WORK ITEM >>
Everything from the line containing "Des policiers anti-émeutes" through the line containing "65 Ridge Road, Unit" in the listing below should be copied exactly, and nothing more.

DATASET ENTRIES >>
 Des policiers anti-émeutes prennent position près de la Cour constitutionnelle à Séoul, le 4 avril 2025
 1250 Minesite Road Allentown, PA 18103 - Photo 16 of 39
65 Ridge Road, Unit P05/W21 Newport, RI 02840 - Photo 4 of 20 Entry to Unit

==

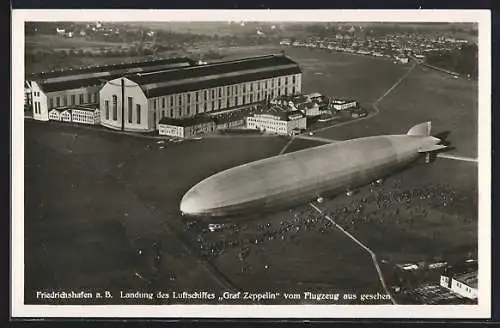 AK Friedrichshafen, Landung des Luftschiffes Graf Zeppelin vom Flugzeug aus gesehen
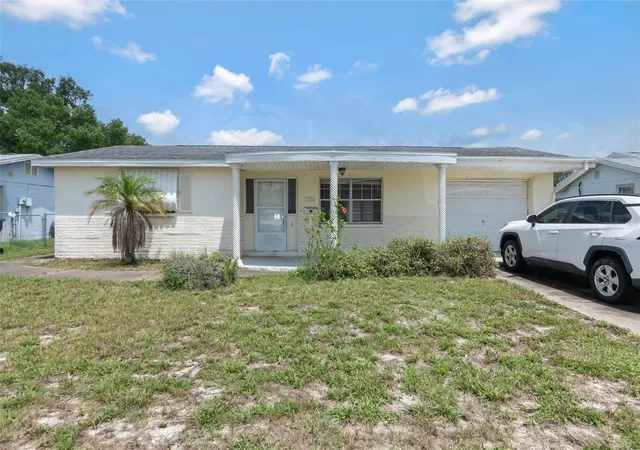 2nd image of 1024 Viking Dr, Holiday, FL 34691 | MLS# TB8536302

COMPLETED EXERCISE >>
 Des policiers anti-émeutes prennent position près de la Cour constitutionnelle à Séoul, le 4 avril 2025
 1250 Minesite Road Allentown, PA 18103 - Photo 16 of 39
65 Ridge Road, Unit P05/W21 Newport, RI 02840 - Photo 4 of 20 Entry to Unit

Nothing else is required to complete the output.